Thornsett Road
Thornsett Road is a beautiful Victorian Road with elegantly designed semi-detached villas with stucco frontages. As they look today is very similar to how they looked over one hundred years ago but without the electric street lamps, the parked cars and the double glazing.
The road was lit by gas lamps which a lamplighter would have had to switch on each evening. In the words of former resident and poet Walter de la Mare:
‘The lamplighter/Passeth along the darkling streets/ To light our earthly lamps.’
These roomy houses, with their large gardens front and back, must have been attractive propositions for those Victorians who wanted to move out of London into the relative rural areas of Anerley and Penge. What they would not have been fully aware of was the rapid building programme in progress over the entire area.
The road is a heritage focus because three very accomplished men lived there at different times: Thomas Crapper, George Daniels and Walter de la Mare. More detailed accounts of each are given on their separate pages under Penge People. Blue plaques are installed on each of their houses.
Thomas Crapper (1836-1910) was famous for developing sanitary ware, starting the first shop to sell such items commercially.
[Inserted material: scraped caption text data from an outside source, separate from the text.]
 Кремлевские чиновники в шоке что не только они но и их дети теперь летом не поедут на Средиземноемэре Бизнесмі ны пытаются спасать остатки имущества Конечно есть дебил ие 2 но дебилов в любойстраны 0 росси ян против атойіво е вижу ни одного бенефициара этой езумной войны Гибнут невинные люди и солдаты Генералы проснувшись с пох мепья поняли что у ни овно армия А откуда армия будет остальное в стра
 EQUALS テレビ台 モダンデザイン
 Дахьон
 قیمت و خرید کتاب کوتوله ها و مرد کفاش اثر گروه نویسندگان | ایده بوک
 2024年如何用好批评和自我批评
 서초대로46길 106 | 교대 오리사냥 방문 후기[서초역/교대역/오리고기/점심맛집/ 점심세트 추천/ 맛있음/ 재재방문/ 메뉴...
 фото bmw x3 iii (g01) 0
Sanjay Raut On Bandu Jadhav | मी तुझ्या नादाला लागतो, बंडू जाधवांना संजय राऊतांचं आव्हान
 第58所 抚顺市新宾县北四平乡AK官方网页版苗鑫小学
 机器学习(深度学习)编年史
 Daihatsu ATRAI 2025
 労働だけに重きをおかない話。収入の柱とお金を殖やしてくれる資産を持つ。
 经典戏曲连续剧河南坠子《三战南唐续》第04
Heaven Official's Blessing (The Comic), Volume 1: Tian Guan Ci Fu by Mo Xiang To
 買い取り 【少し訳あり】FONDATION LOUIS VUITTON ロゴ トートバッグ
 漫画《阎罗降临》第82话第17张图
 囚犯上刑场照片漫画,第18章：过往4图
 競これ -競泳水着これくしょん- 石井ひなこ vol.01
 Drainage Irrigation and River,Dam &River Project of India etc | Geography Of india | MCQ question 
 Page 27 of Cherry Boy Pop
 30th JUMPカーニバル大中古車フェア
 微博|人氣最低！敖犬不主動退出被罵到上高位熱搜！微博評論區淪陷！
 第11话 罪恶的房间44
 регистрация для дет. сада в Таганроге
His commercial empire survives today. He is wrongly credited with inventing the flush toilet. That honour belongs to John Harington as far back as 1596. Hence the term ‘John’ to refer to the lavatory. Crapper spent the last years of his life at 12 Thornsett Road.

George Daniels (1926-2011) was a famous horologist who is honoured for the ground-breaking invention of the co-axial escapement for mechanical watches. This mechanism enabled mechanical watches to be as accurate as electronic devices. The patent was sold to Omega. This made Daniels a very wealthy man. He lived in Thornsett Road for over twenty years until seeking a tax haven in the Isle of Man.

Walter de la Mare (1873-1956) was a remarkably popular and prolific poet and ghost-story writer who live in 14 Thornsett Road from 1912 to 1925. Many famous literary people visited the house over this period. His poem The Listeners was published in 1912 but written the year before while living at 5 Worbeck Road (now demolished). In all he lived in three houses in Anerley between 1907 and 1925.

All three men made significant contributions to society and richly deserve their blue plaques.